LAGOS (AFP) - The Nigerian military has commuted the death sentences handed to 66 soldiers for mutiny over claims they refused to fight Boko Haram Islamists, a spokesman said on Saturday (Dec 19).
Instead, each soldier will serve a 10-year prison term.
"The death sentences by firing squad passed on 66 soldiers in January and March 2015 by separate general court martials have been commuted to 10 years' imprisonment each," Colonel Sani Usman said in a statement.
The sentences were commuted following a review by the military authorities.
Col Usman said 71 soldiers were arraigned on several charges, including criminal conspiracy and conspiracy to commit mutiny.

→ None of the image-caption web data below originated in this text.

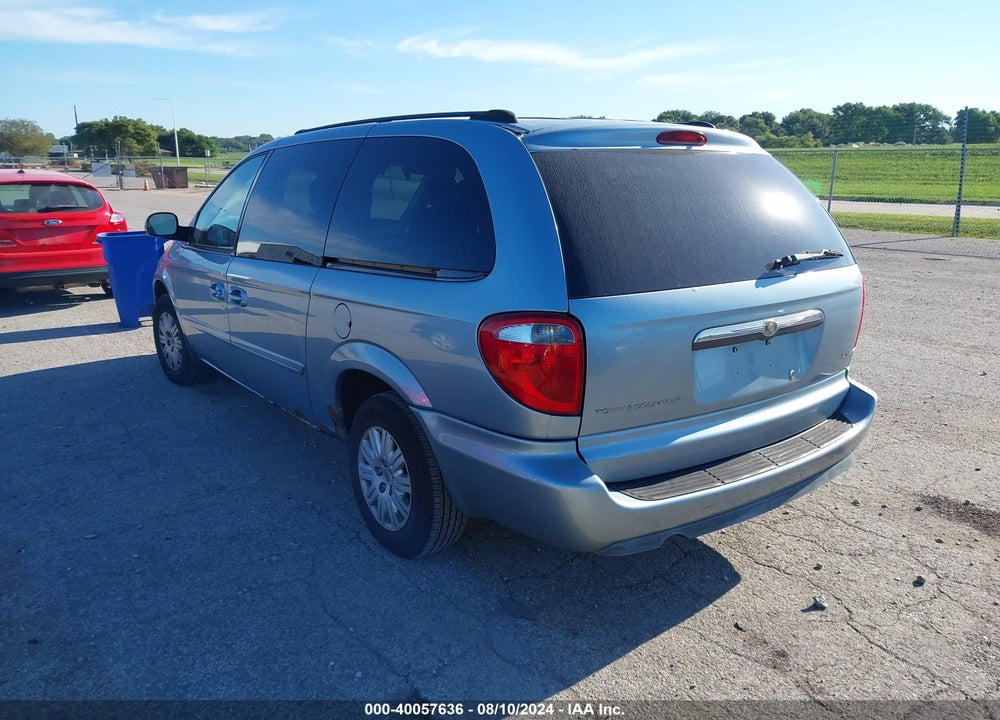 2005 CHRYSLER TOWN & COUNTRY LX VIN: 2C4GP44R95R519197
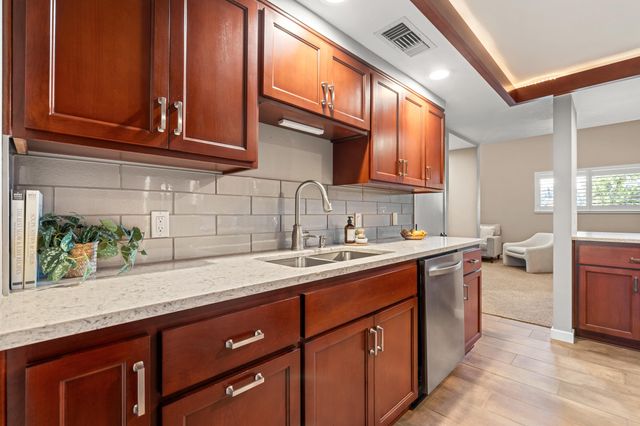 115 Rogue River Highway APT 307, Grants Pass, OR 97527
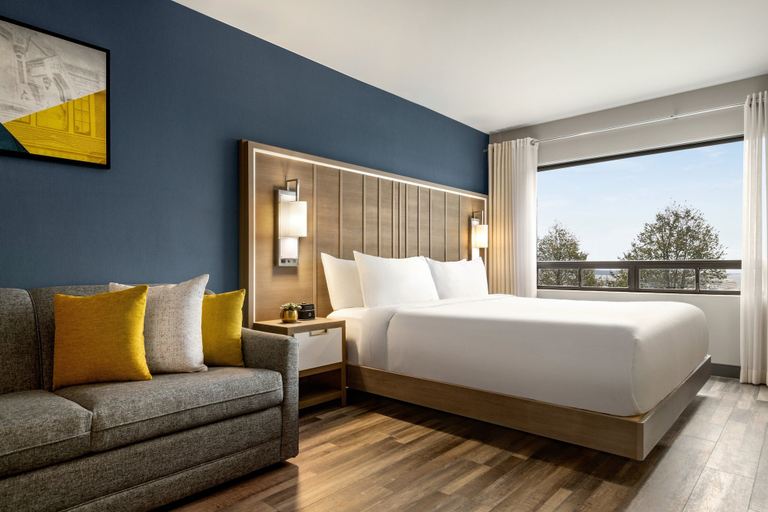 Bedroom 5, Crowne Plaza SAINT JOHN HARBOUR VIEW, Saint John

"They were tried, discharged on some charges but found guilty and convicted on other charges - which included mutiny," he said.
"Out of that number, 66 were found guilty on some of the charges and sentenced to death, while five were discharged and acquitted and one was given 28 days' imprisonment with hard labour," he said.
The military said in May that 579 officers and soldiers were facing two separate trials over indiscipline.
The 66 had been condemned to die by a military tribunal in two batches in September and December 2014, with their death sentences confirmed by a military council in January and March this year.
Under the regime of former president Goodluck Jonathan, Boko Haram captured swathes of territory in the restive north-east as Nigerian soldiers refused to deploy for operations and even fled before and during attacks.
The soldiers reportedly complained they did not have enough weapons to fight the better-armed Islamists.
Former national security adviser Sambo Dasuki and other high-profile suspects are currently facing trial for misappropriating billions of dollars meant to buy weapons to fight the insurgents.
Nigeria's military has been under pressure to end the six-year Boko Haram insurgency that has claimed at least 17,000 lives and forced some 2.6 million to flee their homes.
Nigerian President Muhammadu Buhari, who took over in May, has given the military until the month's end to end the unrest.
Boko Haram, which seeks to impose a hardline Islamic state in northern Nigeria, has also carried out cross-border attacks in Chad, Niger and Cameroon.